The song was given a slightly different mix for single release, titled the "Rude Boy Mix". This mix adds background instrumentation and more backing vocals during the song while omitting the instrumental intro and spoken French towards the end of the album version. The single was digitized, along with all other official Honeyz singles, for release on digital music stores and streaming services on 14 May 2021. The "Finally Found" single included all officially released versions of the song, plus a previously unused "radio edit" which is a different mix from both the single and album versions.

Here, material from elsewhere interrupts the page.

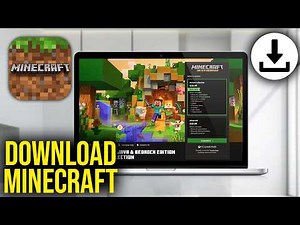How To Download Minecraft For Free On PC
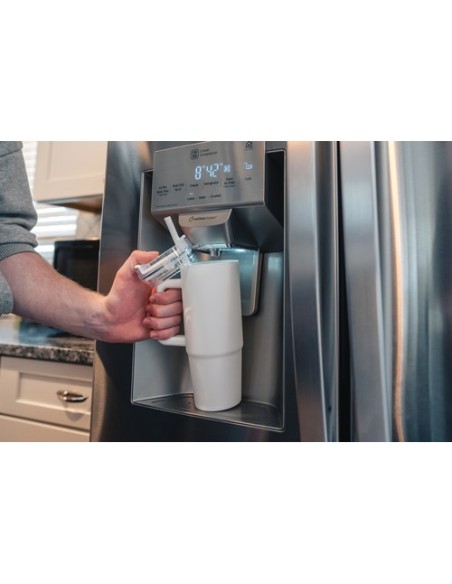 Vaso Tana RCS plástico reciclado 900ML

The group performed the song in 2005 for the ITV series Hit Me, Baby, One More Time, performed with the original lineup (Célena Cherry, Heavenli Denton and Naima Belkhiati).

==Critical reception==
Scottish Daily Record described the song as a "London-style swing beat tune". Caroline Sullivan from The Guardian felt it "faithfully reproduces the well-mannered nu-soul sound of the current American charts." Music Week named it Single of the Week, writing, "The debut single from former MW Ones To Watch, the Honeyz - namely Heavenli, Celena and Niama - is a real beauty, suggesting this act will be strong contenders in the pop R&B stakes. The song showcases the girls' vocal ability, riding a laidback melody that becomes increasingly addictive on each listen. The song has rightly achieved Radio One B-list status, and promises much more to come." Matt Bell from Sound on Sound praised it as "a smooth gospel‑tinged ballad decked out with crystalline multitracked block harmonies". Ian Hyland from Sunday Mirror gave "Finally Found" seven out of ten, adding, "Naff name but everyonez moneyz on these soul ladies to make it big. Nice tummyz."

==Track listings==

- UK and Australian CD1
1. "Finally Found" (Rude Boy Mix) – 4:09
2. "In the Street" (Ignorants Mix) – 5:29
3. "Summertime" – 3:49

- UK and Australian CD2
4. "Finally Found" (Rude Boy Mix) – 4:09
5. "Summertime" (Booker T Summer Groove Mix) – 5:53
6. "Summertime" (Booker T Summer Groove Dub) – 5:53

- UK cassette single and European CD single
7. "Finally Found" (Rude Boy Mix) – 4:09
8. "In the Street" (Ignorants Mix) – 5:29

- 2021 digital release
9. "Finally Found" (radio edit) – 3:43
10. "Finally Found" (Rude Boy Mix) – 4:09
11. "Finally Found" (U-Nam Remix) – 4:37
12. "Finally Found" (backing track / competition version) – 3:45
13. "In the Street" (Ignorants Mix) – 5:28
14. "In the Street" (2001 Mix) – 5:34
15. "Summertime" – 3:50
16. "Summertime" (Booker T Summer Groove Mix) – 5:54
17. "Summertime" (Booker T Summer Groove Dub) – 5:55
18. "Summertime" (Love to Infinity's Stingray Mix) – 3:34
Note: Tracks 1 and 10 were previously unreleased commercially. Tracks 4 and 6 were originally released on "Love of a Lifetime" CD2 and "I Don't Know" CD2 respectively.

==Charts==

===Weekly charts===

| Chart (1998–1999) | Peak position |
|---|---|
| Australia (ARIA) | 3 |
| Denmark (IFPI) | 20 |
| Europe (Eurochart Hot 100) | 20 |
| Iceland (Íslenski Listinn Topp 40) | 24 |
| Ireland (IRMA) | 4 |
| Netherlands (Dutch Top 40) | 21 |
| Netherlands (Single Top 100) | 23 |
| New Zealand (Recorded Music NZ) | 12 |
| Scotland Singles (OCC) | 8 |
| Sweden (Sverigetopplistan) | 6 |
| UK Singles (OCC) | 4 |
| UK Airplay (Music Week) | 7 |
| UK Hip Hop/R&B (OCC) | 1 |

===Year-end charts===

| Chart (1998) | Position |
|---|---|
| Australia (ARIA) | 22 |
| Sweden (Hitlistan) | 44 |
| UK Singles (OCC) | 36 |

| Chart (1999) | Position |
|---|---|
| Netherlands (Dutch Top 40) | 183 |

==Certifications==

| Region | Certification | Certified units/sales |
| Australia (ARIA) | Platinum | 70,000^{^} |
| Sweden (GLF) | Gold | 15,000^{^} |
| United Kingdom (BPI) | Gold | 400,000^{^} |
^{^} Shipments figures based on certification alone.